---------- Input data ----------

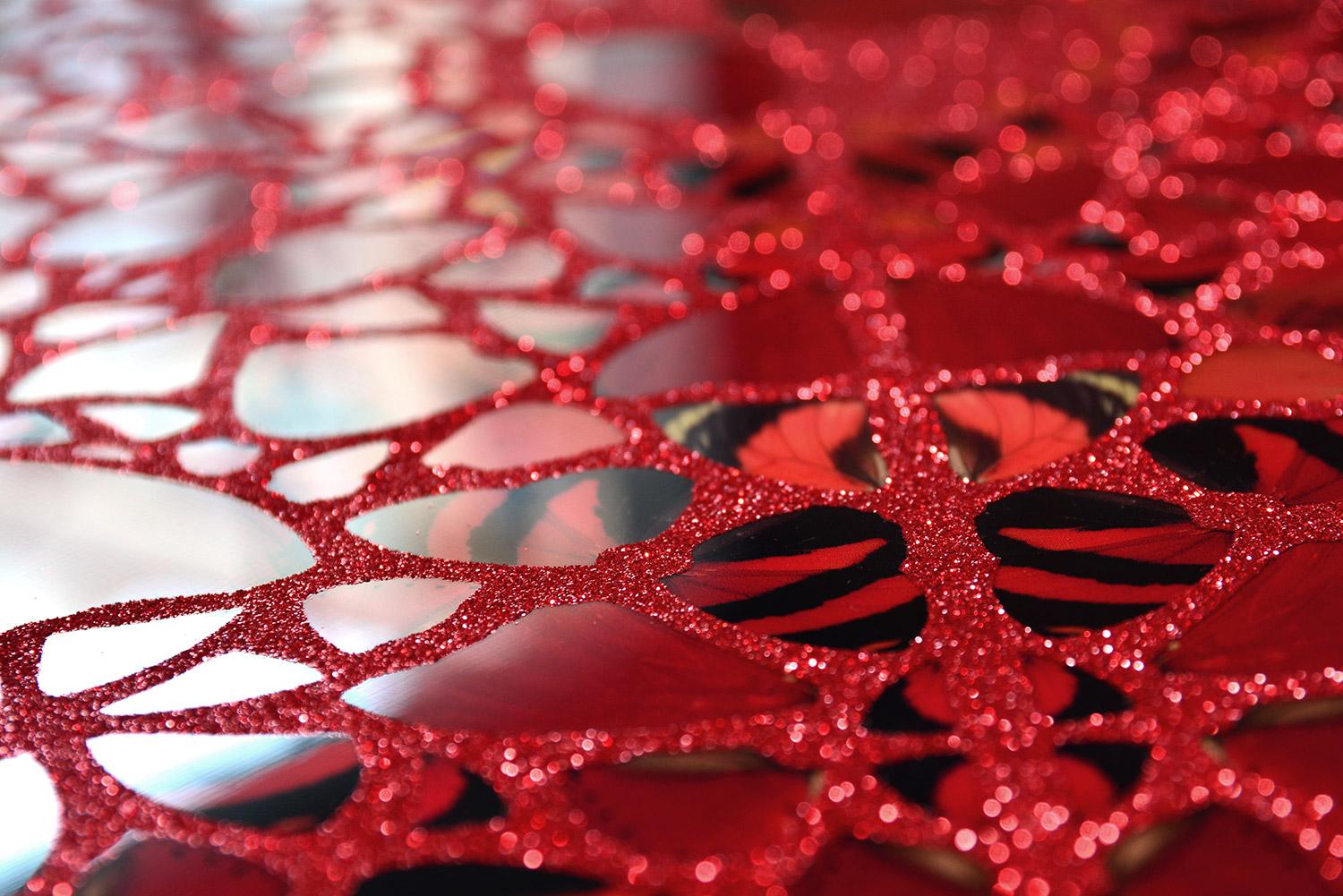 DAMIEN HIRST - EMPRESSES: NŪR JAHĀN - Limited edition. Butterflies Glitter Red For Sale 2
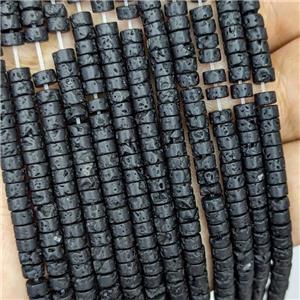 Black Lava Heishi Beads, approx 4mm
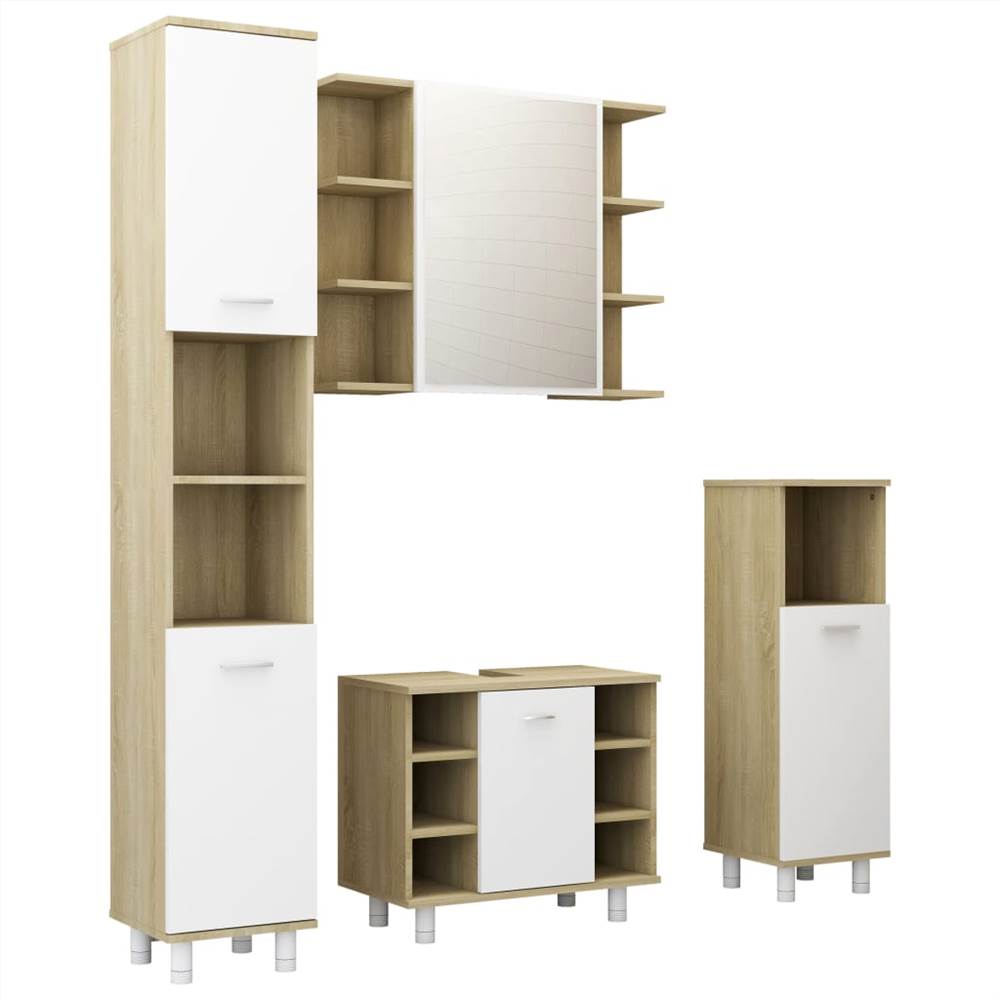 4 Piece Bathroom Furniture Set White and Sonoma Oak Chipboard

----------
---------- Input data ----------

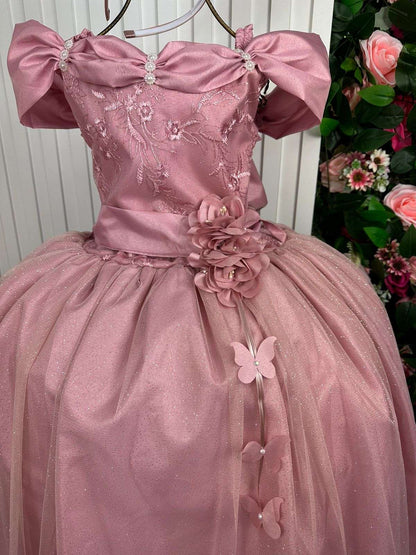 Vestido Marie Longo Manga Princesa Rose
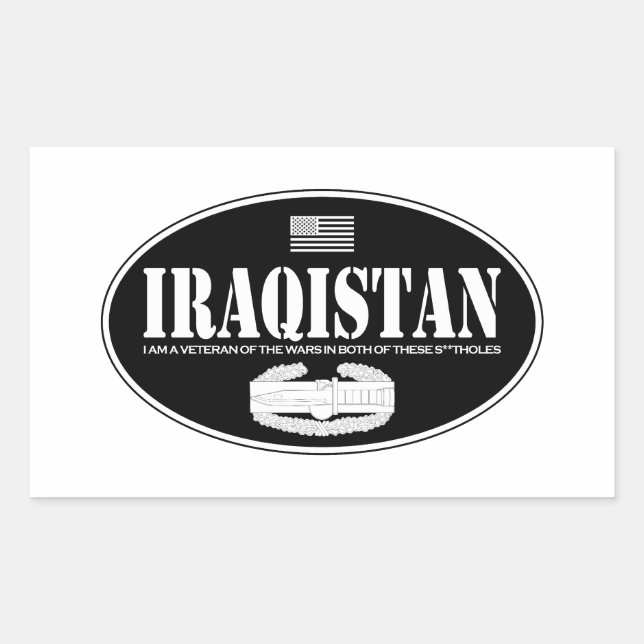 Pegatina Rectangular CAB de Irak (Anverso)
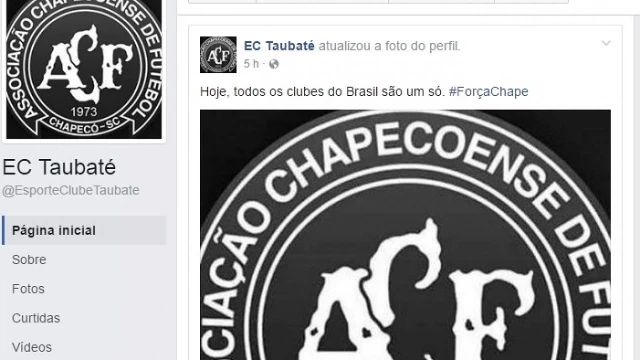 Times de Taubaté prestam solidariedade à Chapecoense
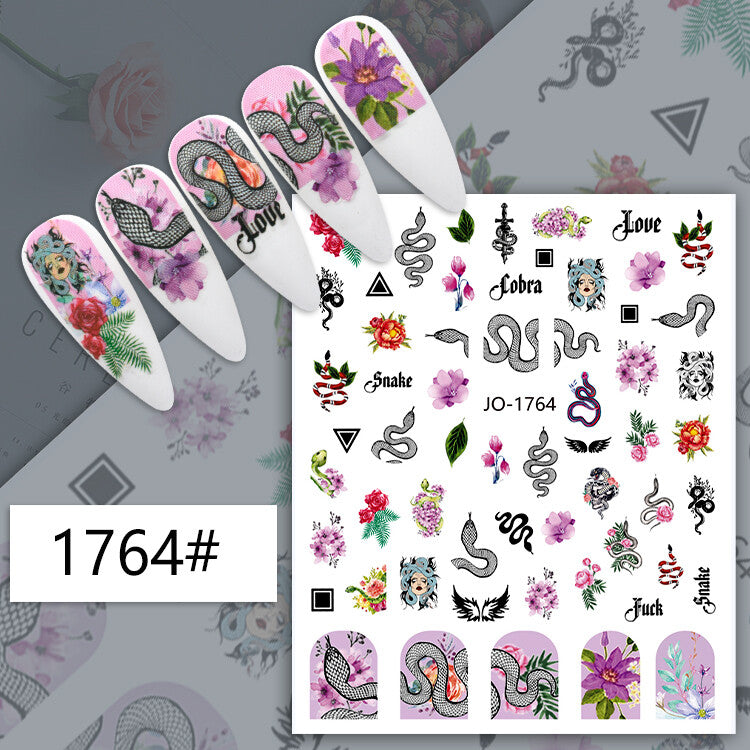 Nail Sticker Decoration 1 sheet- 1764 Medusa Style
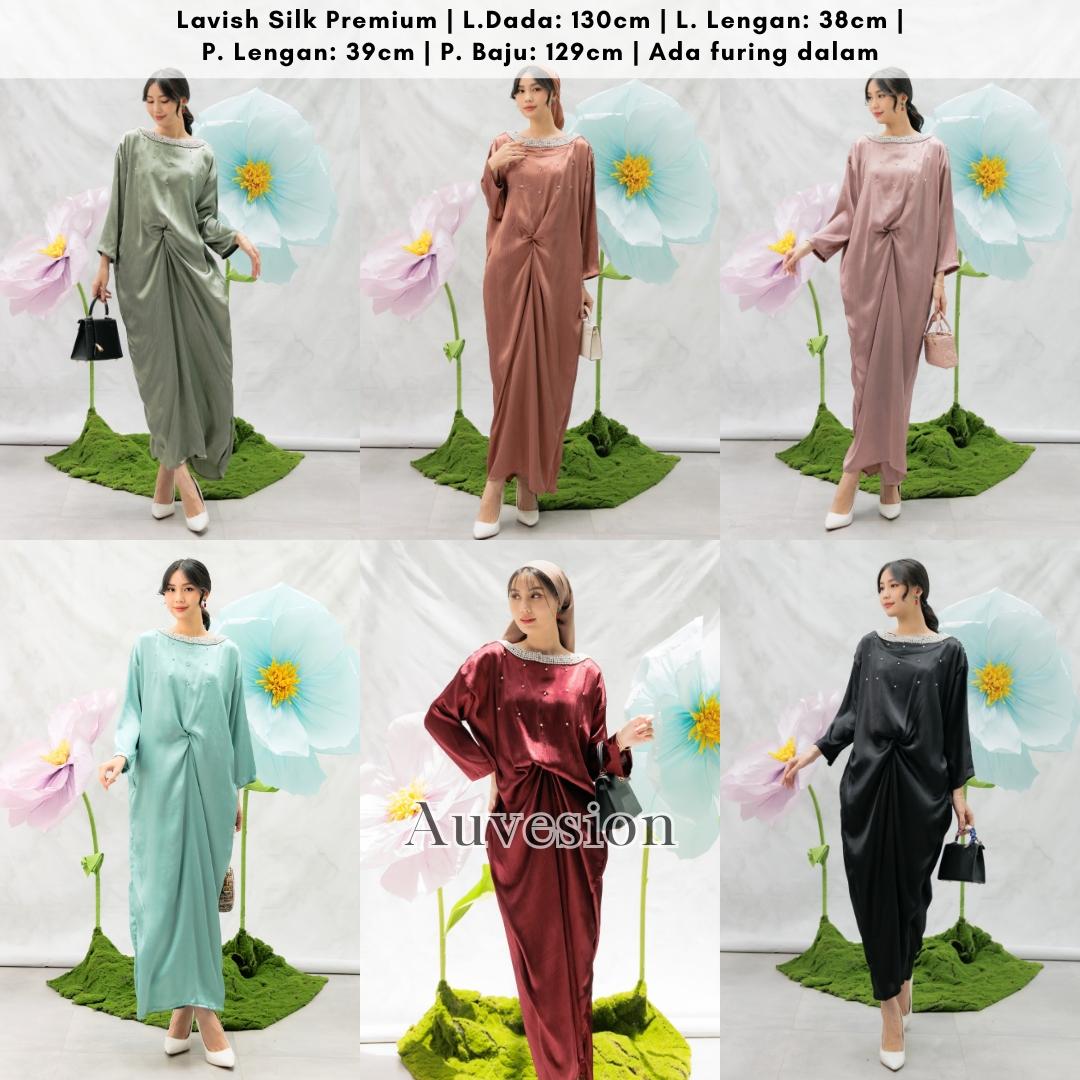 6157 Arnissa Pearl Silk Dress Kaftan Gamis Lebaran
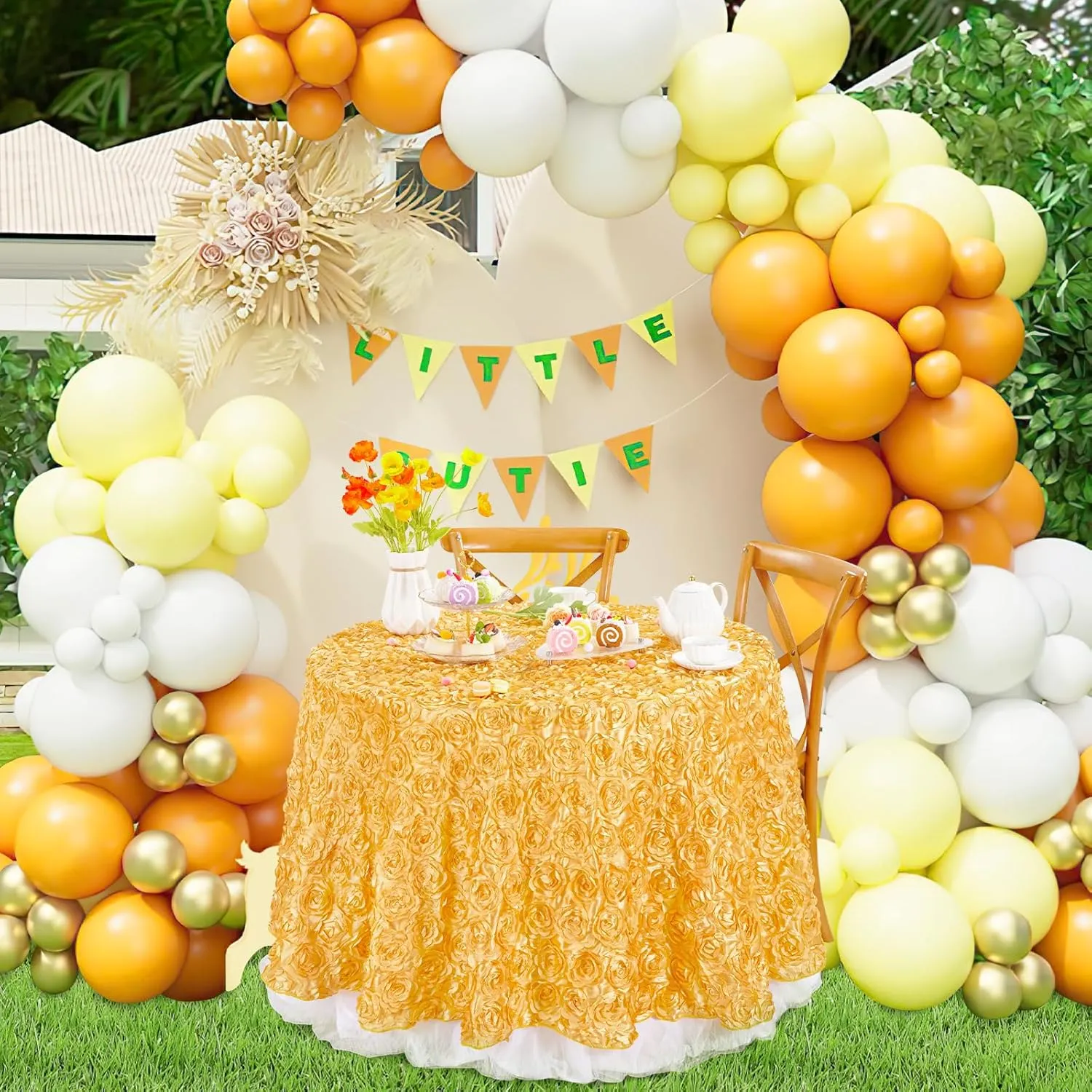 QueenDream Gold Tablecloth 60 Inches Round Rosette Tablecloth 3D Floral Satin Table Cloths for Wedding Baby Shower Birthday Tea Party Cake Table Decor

----------

From the records above, transcribe exactly the lines starting at the one containing "DAMIEN HIRST - EMPRESSES: NŪR" and ending at the one containing "4 Piece Bathroom". Skip the pictures.

 DAMIEN HIRST - EMPRESSES: NŪR JAHĀN - Limited edition. Butterflies Glitter Red For Sale 2
 Black Lava Heishi Beads, approx 4mm
 4 Piece Bathroom Furniture Set White and Sonoma Oak Chipboard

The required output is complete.